Figure 2. ADP-ribosylation of Ub and serine phosphoribosyl-ubiquitination are two independent activities of SdeA

a, Schematic diagram of SdeA constructs. SdeA has an N-terminal deubiquitinase (DUB) domain, followed by PDE, mART, and a C-terminal coiled-coil (CC) domain. b, In vitro Ub-modification assays. The modification of Ub to ADPR-Ub or PR-Ub was monitored by the band-shift of Ub in native-PAGE (top panel). The production of PR-Ub was visualized by phosphoprotein staining with Pro-Q Diamond stain (bottom panel).
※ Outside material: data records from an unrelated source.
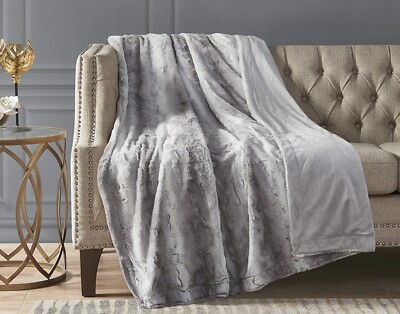 MADISON PARK Zuri Oversized Luxuriously Soft Faux-Fur Throw 60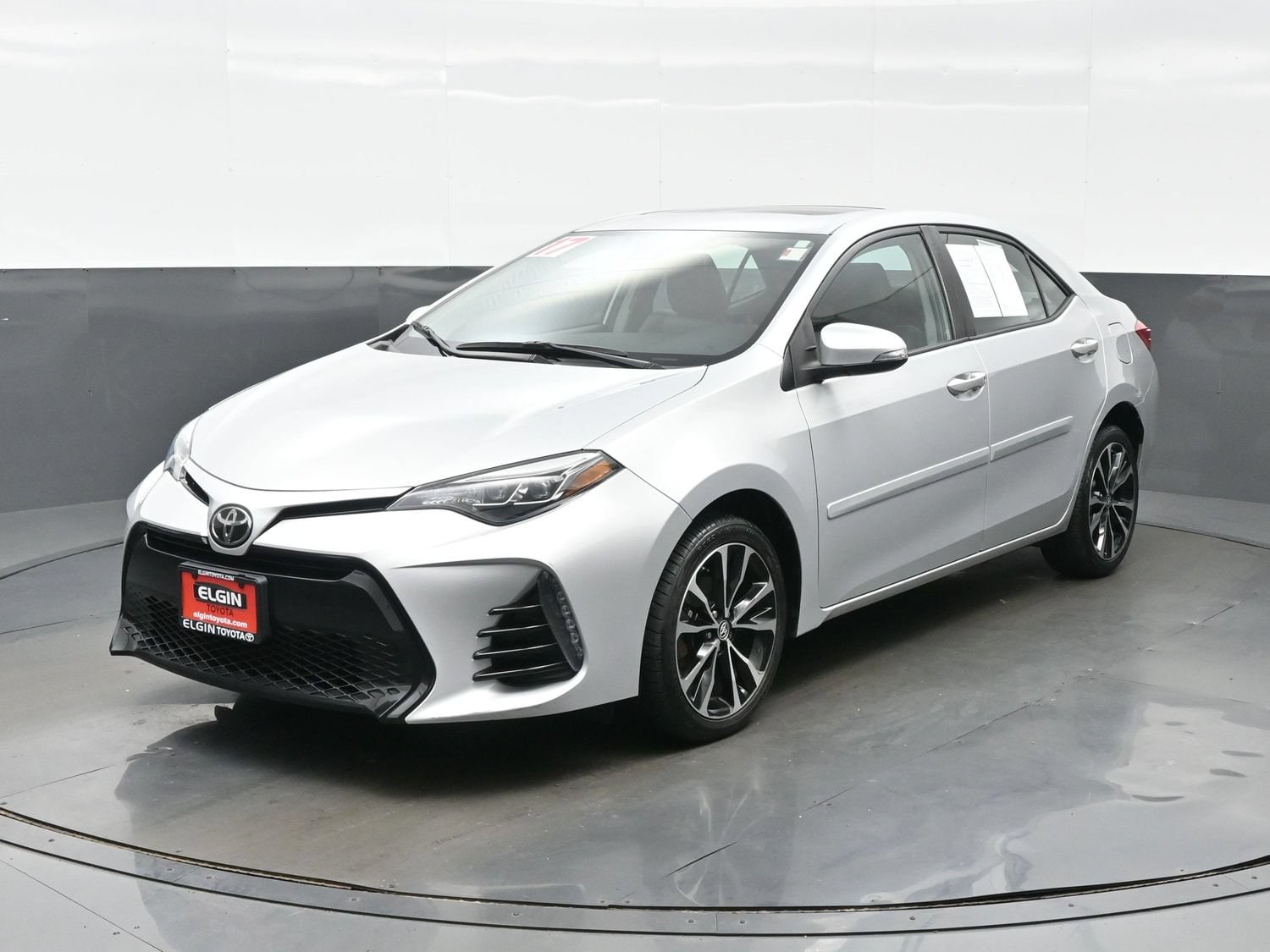 Used 2017 Toyota Corolla SE with VIN 2T1BURHE9HC861759 for sale in Streamwood, IL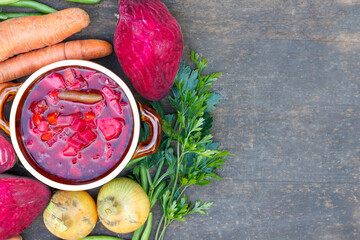 Barszcz ukraiński - tradycyjna zupa z czerwonych buraków i warzyw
ADPR-Ub and PR-Ub migrate at the same position on a native gel (labeled as modified Ub), however, only PR-Ub is visible by Pro-Q phosphoprotein stain. c, In vitro PR-ubiquitination assay of Rab33b by indicated SdeA proteins. d, In vitro PR-ubiquitination assay of Rab33b in the presence of purified ADPR-Ub. e, Intracellular ubiquitination assays of Rab33b by SdeA. Data shown in b-d are each one representative experiment of four independent experiments. e, Similar results were obtained from three independent experiments. b-e Uncropped gels and blots are shown in Supplementary Fig. 1.

Figure 3. The interaction between Ub and the PDE domains of SdeD and SdeA

a, Overall view of the binding of Ub (Ub1) with the PDE domain of SdeD. The PDE domain residues within Van der Waals distance to Ub1 are colored in light blue. Three SdeD-contacting interacting regions of Ub1 are marked by dashed-line squares. b–d, Zoomed-in views of the three Ub1-SdeD interacting regions. e, Surface representation of the PDE domain of SdeA. Ub-binding was modeled based on the SdeD-Ub1 complex structure and potential Ub-interacting surface is highlighted in dark green. Three key residues E465, E454, and V414 at the potential Ub-interacting interface are shown in sticks. The PDE active site is shown in red. f and g, In vitro Ub-modification and PR-ubiquitination assays of SdeA mutants at potential Ub interacting interface. Data shown in f and g are one representative experiment of four independent experiments. Uncropped gels and blots are shown in Supplementary Fig. 1.

Figure 4. Complex Structure of ADPR-Ub with the PDE Domain of SdeD

a, Surface representation of ADPR-Ub (cyan) in complex with the SdeD PDE domain (gray). The catalytic site is colored in red. The ADPR moiety is colored in light green and shown in sticks (left panel) and surface (right panel). b, A detailed interaction of the ADPR moiety with residues of the PDE domain. SdeD residues involved in ADPR-binding are labeled and the corresponding residues in SdeA are labeled in parentheses. In the structure, H67 is substituted with alanine, but is modeled with histidine and labeled with H67*. c, Enzymatic activity analysis of SdeA-Core mutants carrying mutations on conserved residues within the catalytic groove. d, PR-ubiquitination assay of Rab33b. e, A two-step reaction model of PR-ubiquitination catalyzed by the PDE domain of SdeA. Data shown in c and d are one representative experiment of three independent experiments. Uncropped gels and blots are shown in Supplementary Fig. 1.